Tuesday, March 27, 2018

Thrills, Chills, & Spills: THE CAT O'NINE TAILS

by JB
They say you have your whole life to write your first album and then six months to write your second.

That old saying certainly applies to Italian horror maestro Dario Argento’s sophomore effort, The Cat o’ Nine Tails, the follow-up to his immensely successful debut film, The Bird With The Crystal Plumage. Argento himself famously regards The Cat o’ Nine Tails as a failure, his least favorite of all of his films. In an interview included on the new Arrow disc, he says he finds the film “too American” in its style and tone.

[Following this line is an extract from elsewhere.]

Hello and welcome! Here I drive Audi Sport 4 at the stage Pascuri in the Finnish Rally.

He said he wanted the film’s character to be more intrinsically Italian.
Although slavishly following his own template, Cat comes across as half-baked compared to Bird, which had critics hailing Argento as the “Italian Hitchcock.” Both films involve a murder investigation conducted by an outsider, and while Bird’s climactic twist is cleverly conceived and executed, the final revelation of the killer’s identity in Cat is more of a shrug: the person in question must be the killer because… that’s who the screenwriters chose, possibly in a game of “Eenie-Meenie-Miny-Moe.” It seems that arbitrary. Why are other suspects innocent? Because they didn’t get picked to be guilty (plus, many of them are dead.)

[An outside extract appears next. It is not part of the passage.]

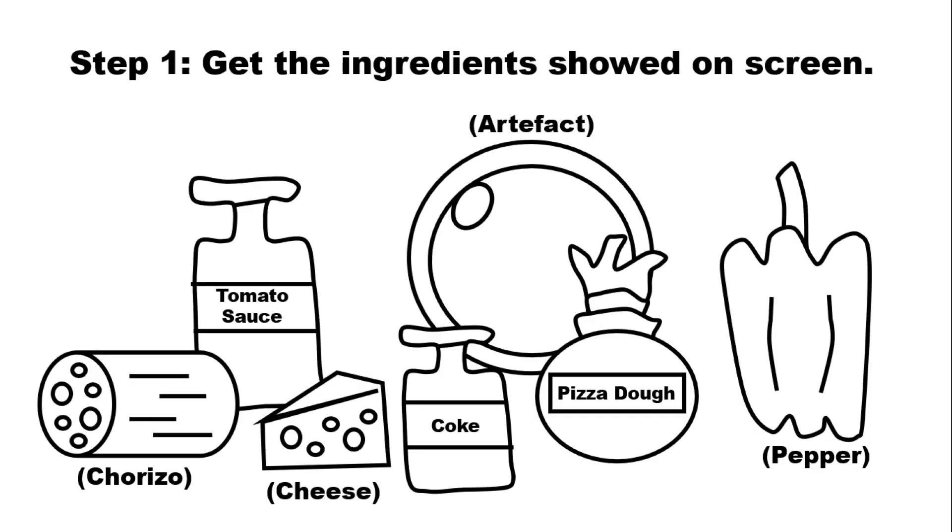How To Make A Pizza. Step 1: Get The Ingredients Showed On Screen.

The Plot In Brief: Franco Arno (Karl Malden), a blind retiree, is raising his niece Lori (Cinzia De Carolis) in Turin, Italy. One night while taking a walk, the pair chance upon an unusual, suspicious occurrence outside the gates of an unusual, suspicious medical facility. The next day, Arno learns from journalist Carlo Giordani (James Franciscus) that the place was burglarized and the night watchmen killed. A series of bizarre murders follows, all of them linked to the mysterious Terzi Institute.
Giordani is assigned to write about the murders. Arno has more than a passing interest in the crimes as well. Their investigation pulls the men down some twisted paths to myriad suspects, leading to the kidnapping of Arno’s niece. Can the two men follow the clues and identify the killer? Will little Lori be returned safely?

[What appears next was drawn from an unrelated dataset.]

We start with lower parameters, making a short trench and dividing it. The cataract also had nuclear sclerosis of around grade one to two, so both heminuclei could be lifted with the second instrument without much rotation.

First, let me state that Karl Malden is the whole show here. His performance as Franco “Cookie” Arno is sweet, clever, and very well observed. Malden’s performance so dominates the film that, at one point, the audience is led to believe that Franco himself could be the murderer. Alhough that would make zero sense from a narrative perspective, Malden gives such a great performance that we feel it could be true. Malden’s skill is reinforced in several of the Arrow disc’s special features, in which Argento, De Carolis, and production manager Angelo Iacano, in separate interviews, all sing Malden’s praises and talk about how wonderful he was to work with. Argento reminds us that Malden was one of Marlon Brando’s teachers at the famed Actors Studio, which made me realize that’s probably Malden was cast in so many of Brando’s films: On the Waterfront, A Streetcar Named Desire, and One-Eyed Jacks, to name a few.
Malden’s relationship with child actress De Carolis is so sweet and unforced that I imagined a whole series of films in which Cookie and Lori travel around the world solving crimes: Cookie and Lori and the Case of Thorn Mansion, Cookie and Lori Down Under, Cookie and Lori Meet Pippi Longstocking. What about an animated crossover with Scooby-Do? Zoinks!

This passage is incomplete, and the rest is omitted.